As face is the index of the mind, so is nail the index to health. Nail is one of the epidermal derivatives that produce the hardest epithelial structure known in mammalian biology. Nails not only provide aesthetic beauty to hand and feet but also aid in providing protection, tactile sensation and social communication. During the 5th century, Hippocrates described clubbing as a significant sign to the myriad of systemic manifestations [1]. Since then many nail findings have been identified in association with various diseases. Henceforth, nail examination should be an essential component of a complete dermatological examination. Furthermore at times, various nail abnormalities can be a presenting feature before other signs of the disease become apparent.

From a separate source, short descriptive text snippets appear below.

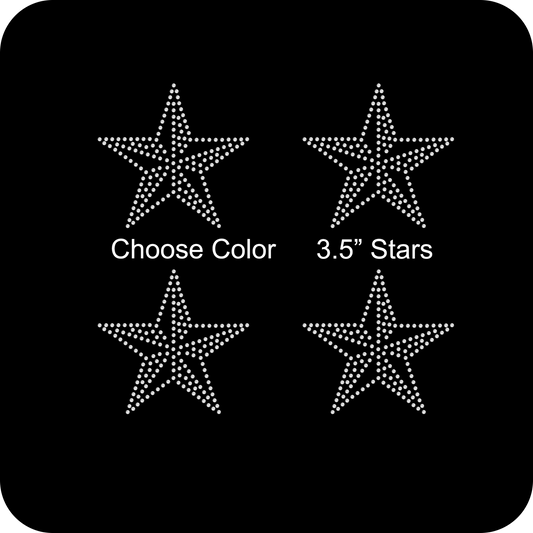 Set of 4 Nautical Stars 3.5" Inches Rhinestone Transfer Hotfix DIY Bling Iron On Applique Custom Choose Inside Color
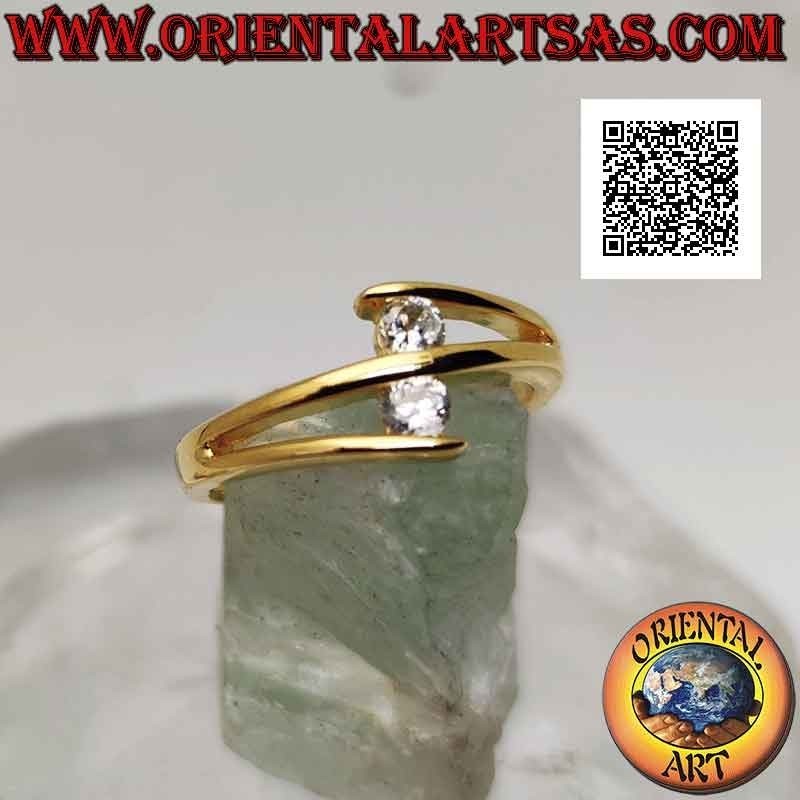 Gold-plated silver ring "contrarié setting" with two round brilliant cut zircons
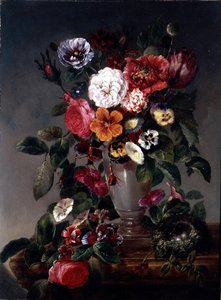 Nature morte de diverses fleurs dans une urne - James Charles Ward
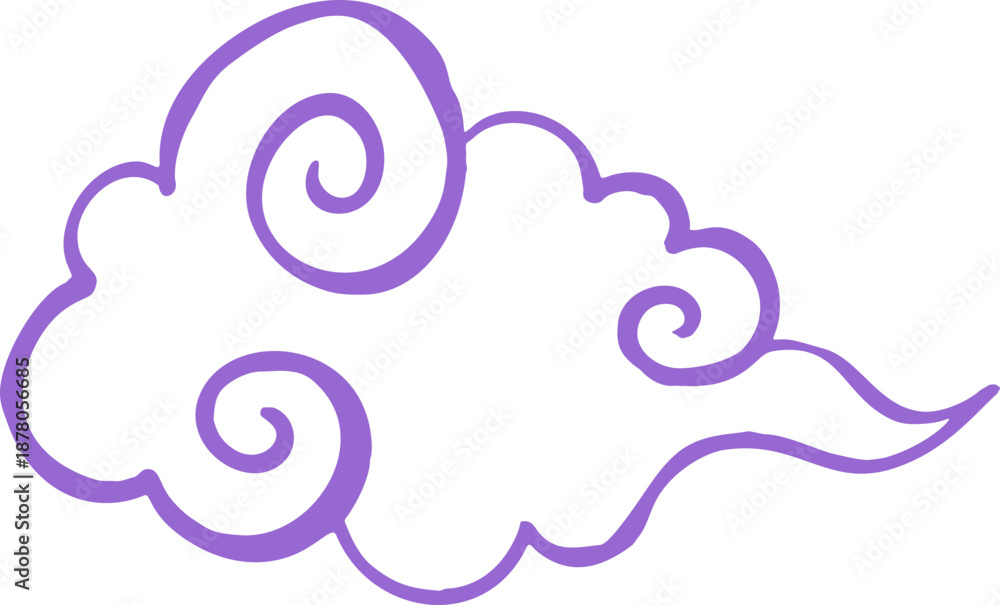 Obraz premium Japanese Cloud Hand Drawn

The increasing aesthetic concern among general public has made even the mildest nail alteration as an important issue for the patient. Abnormal nails are of paramount clinical importance, particularly when they are an exclusive feature devoid of other obvious symptom of a disease. Nail disorders comprise of 10% of all dermatological disorders, the main contributor being papulosquamous disorder [2]. Many studies have been done regarding nail changes in specific papulosquamous disorders especially psoriasis [3-6]. Nail disease was found to be frequent in psoriasis [4] and associated with greater severity of psoriasis and larger number of co-morbidities [3,5].

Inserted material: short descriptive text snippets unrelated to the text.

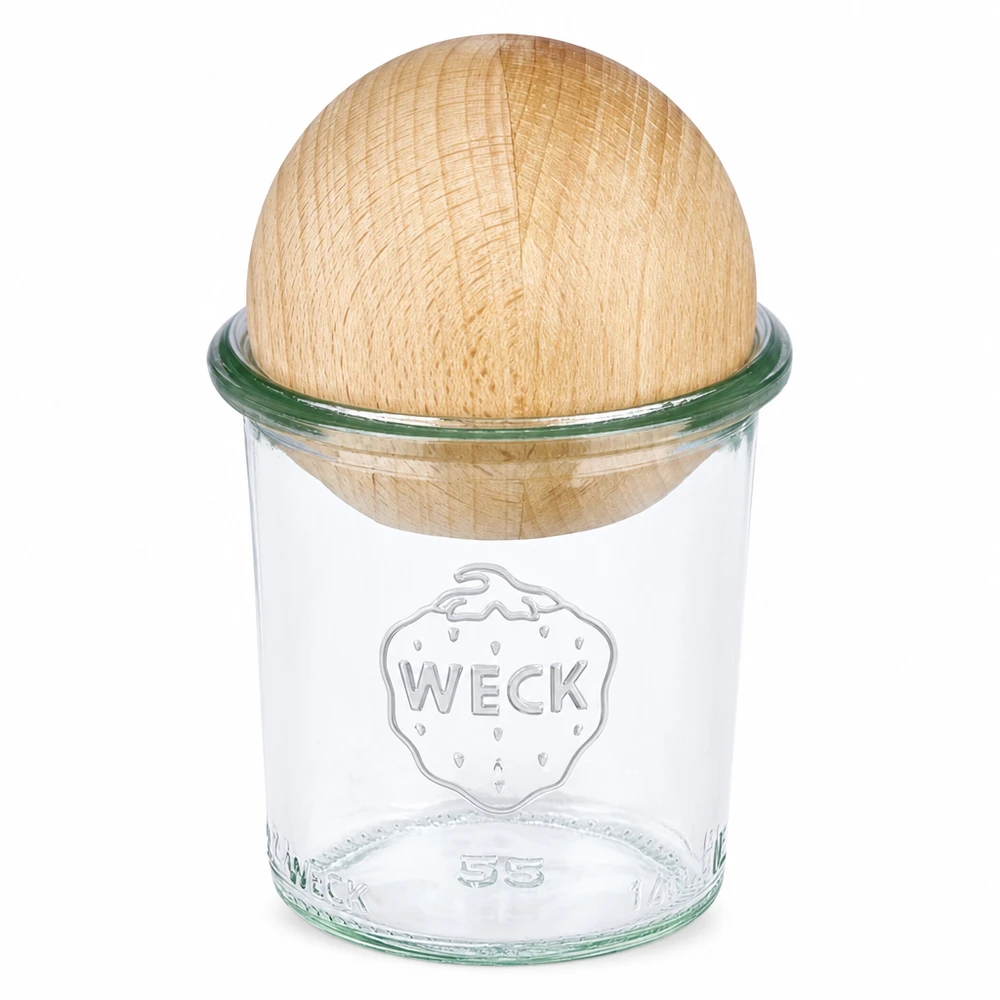 WECK Pot renversé 140ml RR60 avec couvercle en bois en forme de boule de hêtre pour la conservation et les conserves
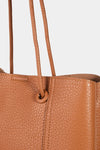 Tan Textured Faux Leather Drawstring Bag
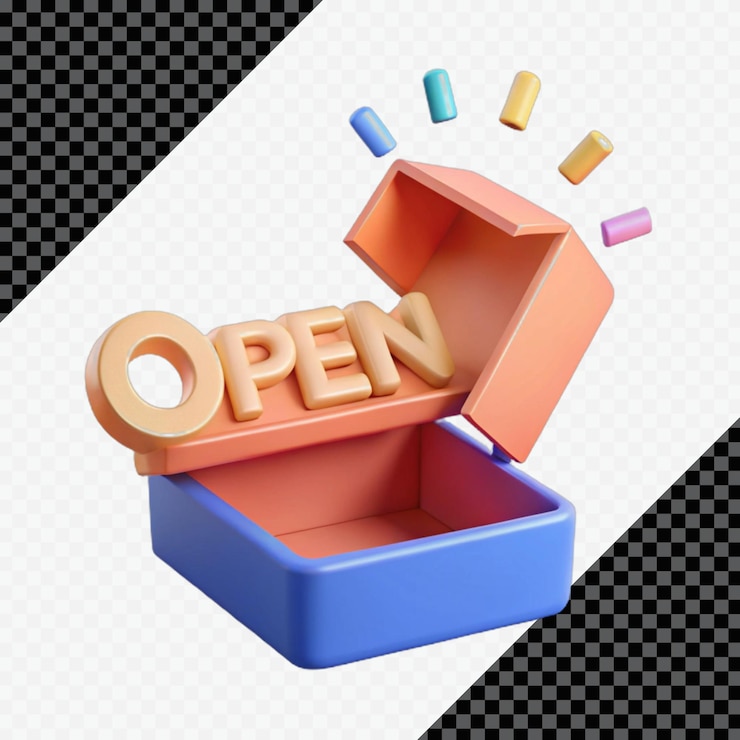 PSD abre una caja con letras 3d y confeti de colores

Nail psoriasis causing considerable cosmetic handicap, provokes both physical and psychological handicap in 93% of patients, restrain daily activities in 60% patients and 52% patients experience pain [5]. Pitting was found to be the most common manifestation [5] especially in finger nails [6]. A strong association was seen between nail changes and joint pain in psoriasis [6]. Only few studies have been done on nail changes in overall papulosquamous disorders. In one such study, it was noted that psoriasis and lichen planus had more nail involvement [7]. Nail Pitting, onycholysis and subungual hyperkeratosis were the most frequent nail changes found in papulosquamous disorders [8].

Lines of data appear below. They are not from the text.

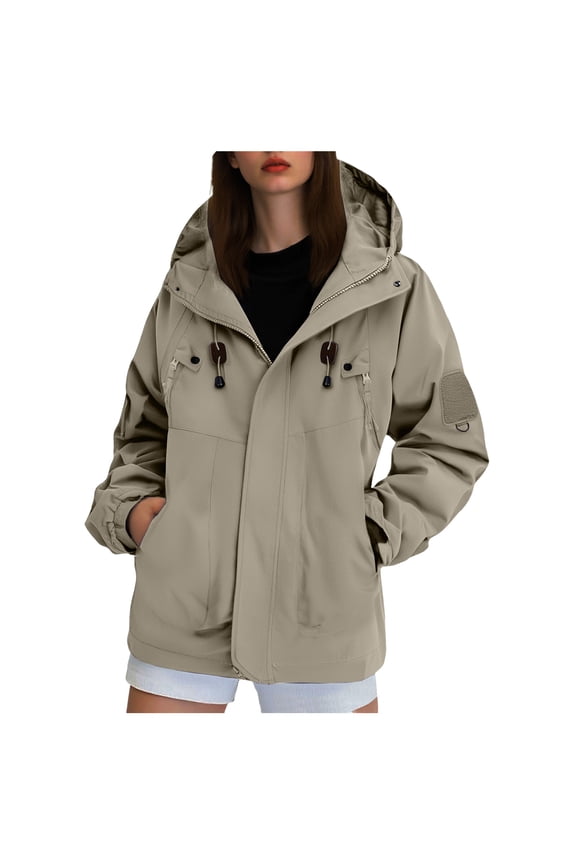Women's and Men's Waterproof Ski Jacket Warm Winter Snow Coat Mountain Windbreaker Hooded Raincoat Jacket (Khaki, XXL)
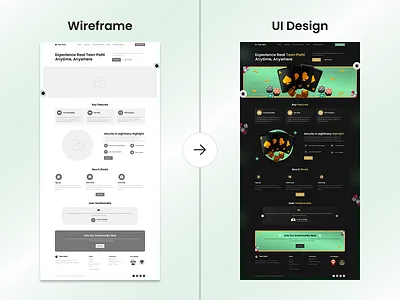 Teenpati Gaming App casestudy creative dark gaming landingpage responsive ui ux wirefarme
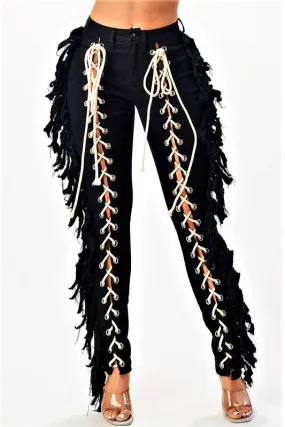 Lace Me Up Skinny Jeans Black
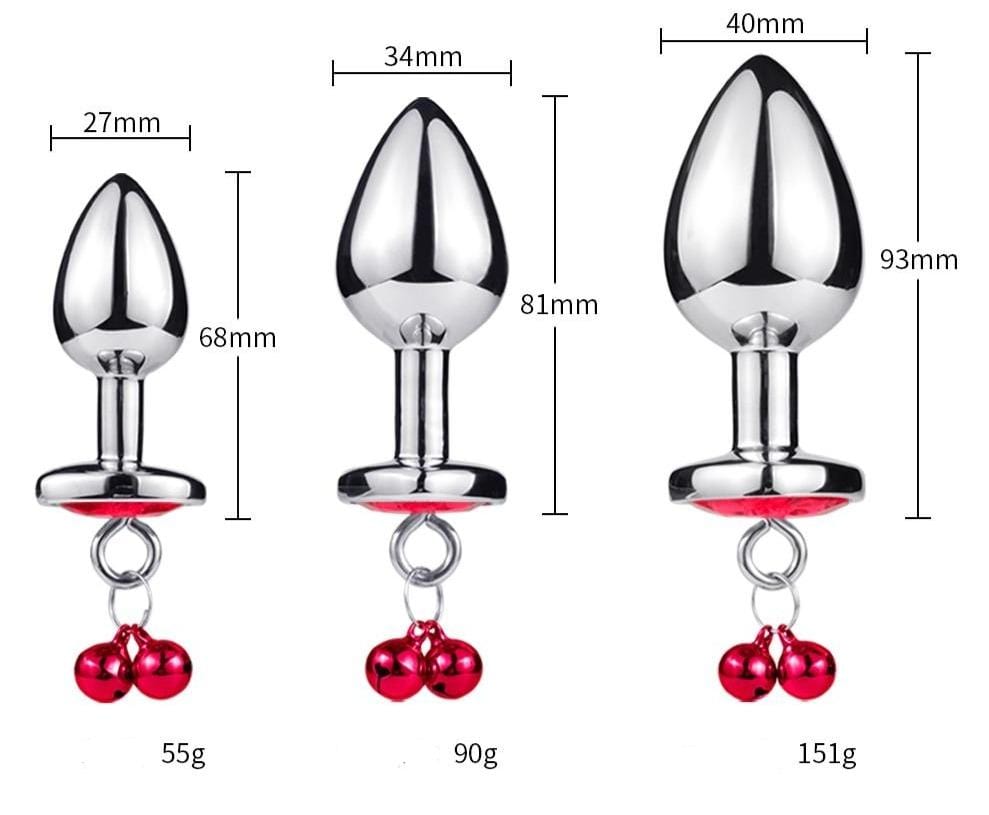 Plug anal en métal rouge avec attache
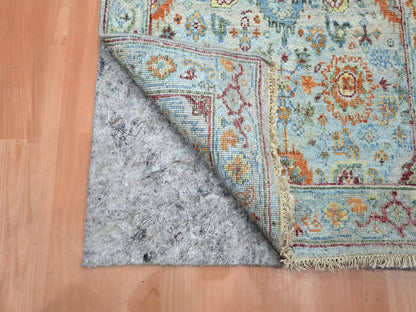 Blue 2'6" x 22'0" Oushak And Peshawar Hand knotted Wool Rug - Sku: O075808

Hence, this study aimed to observe the spectrum of nail patterns in various papulosquamous disorders. Such studies will help to improve the knowledge about nail disorders in papulosquamous disorders and eventually help in their early diagnosis and effective management.
Materials and Methods
This observational descriptive cross-sectional study was conducted in a tertiary care set up at Government Coimbatore Medical College, Coimbatore from June 2016 to June 2017. Clearance from the Institutional Ethical Committee was obtained (Ethics Committee letter issued by Coimbatore Medical College and Hospital, dated-: 18th March, 2016).
Inclusion criteria: The patients of both sexes with papulosquamous disorders according to International Statistical Classification of Diseases and Related Health problems-tenth edition (ICD-10) [9] who attended the Dermatology Outpatient Department (OPD) during the study period were included.
Exclusion criteria: Patients who did not give consent for the study, pregnant and lactating females were excluded. Patients who had history of using artificial nails were also excluded as acrylic nails can induce severe nail changes.
Sample size calculation: Sample size was estimated using the formula:
n=Z2 p(1-p)/d2, assuming a prevalence of 10% (p) [2], confidence interval of 95% whose value is 1.96 (Z) and absolute precision of 6% (d). n=(1.96)×(1.96)×(0.1)×(0.9)/(0.06)(0.06). The derived sample size was 96. Then 8% was added for non response. Hence, the final sample size was calculated as 104 cases.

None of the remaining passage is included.